A ofensiva eólica offshore (marítima) na Europa é uma "grande oportunidade" para a indústria portuguesa de produção de componentes para o sector. Quem o diz é Ben Backwell, o CEO da Global Wind Energy Council (GWEC), uma associação que agrega produtores e a indústria de produção de componentes para a energia eólica que junta mais de 1.500 empresas, organizações e instituições de 80 países.
Antigo jornalista, Ben Backwell viveu algum tempo no Brasil e as apresentações para a entrevista foram feitas em português com açúcar, bastante fluente. Em conversa vídeo desde Londres, o gestor britânico destacou que as fábricas nacionais da Siemens Gamesa, da Enercon e da CS Winds podem contribuir para os projetos do leilão offshore em Portugal e noutros países.
Ben Backwell também destacou que os projetos renováveis estão a avançar em várias regiões do mundo ao mesmo tempo, o que ameaça criar problemas na cadeia de abastecimento.
Sobre a China, considera que o Império do Meio não pode ficar de fora da cadeia de abastecimento europeia, dada a escala da ofensiva renovável. Por outro lado, apontou que os projetos europeus não podem ficar também dependentes dos fornecedores de um único país.
Como é que olham atualmente para o offshore na Europa? Vai ser desafiante?

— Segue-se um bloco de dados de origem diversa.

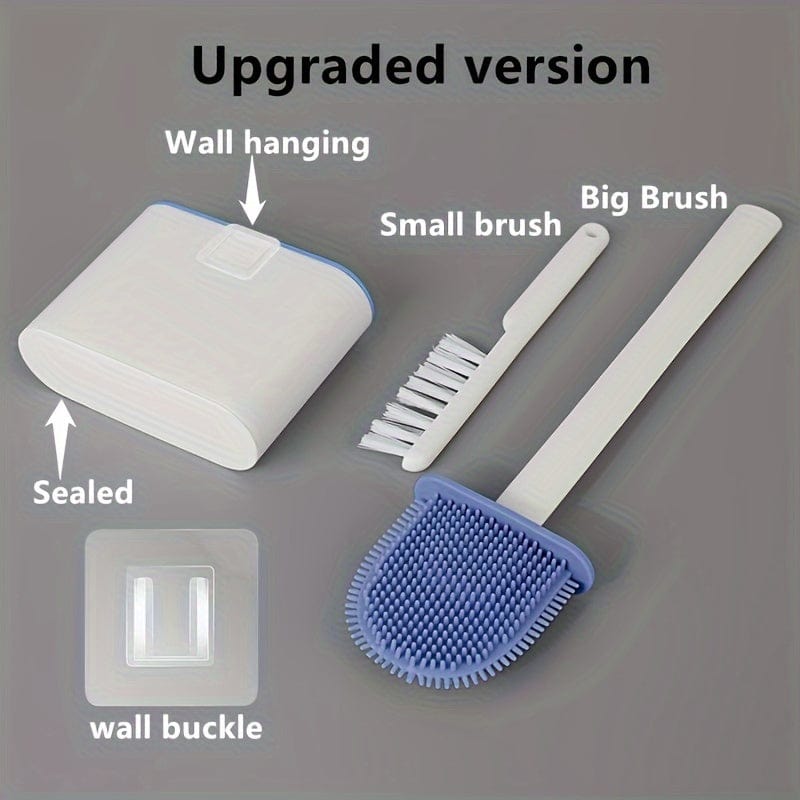 Ensemble de 2 Brosses WC et 1 Abattant WC, Brosse WC Murale, Tête de Brosse WC en Silicone Souple, Brosse WC à Long Manche, Brosse Domestique Multifonctionnelle, Produits de Nettoyage des Toilettes, Essentiel Domestique Montowany na ścianie - niebieski Cuisine Pratique Polska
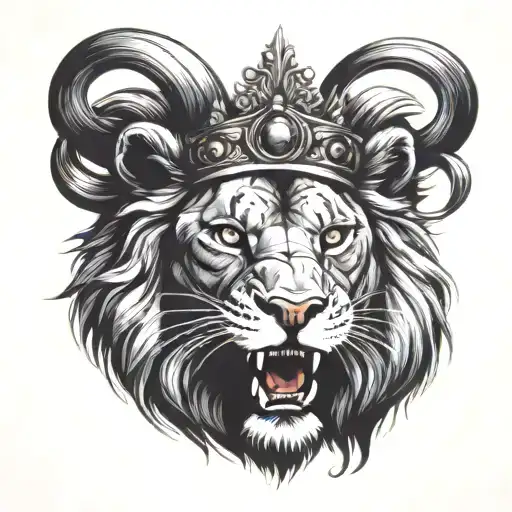 Two Faced Agressive Lion With Crown And Roman Numerals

Estamos a ver muita ambição dos governos. O vento offshore está a crescer exponencialmente na Europa, também nos Estados Unidos com o Inflation Reduction Act (IRA) e na Ásia, com um grande crescimento na China, Japão, Coreia do Sul, Vietname, Filipinas e Austrália. São metas ambiciosas, 370/380 gigawatts (GW) até ao fim de 2030. É muito ambicioso. Não tenho dúvidas de que é possível porque a eólica offshore é a única grande fonte de energia com carbono zero disponível para muitos países. Os custos são muito competitivos. Não há muitas alternativas para desenvolver energia com carbono zero em grande escala. Por outro lado, o processo para fazer as coisas é complexo. O planeamento em qualquer lugar no mundo de uma central eólica demora tempo, os processos são lentos. Mesmo nos locais mais rápidos como no Reino Unido demora entre sete a nove anos para o licenciamento e planeamento, portanto isto precisa de ser melhorado, e há muitos governos que pretendem reduzir os tempos.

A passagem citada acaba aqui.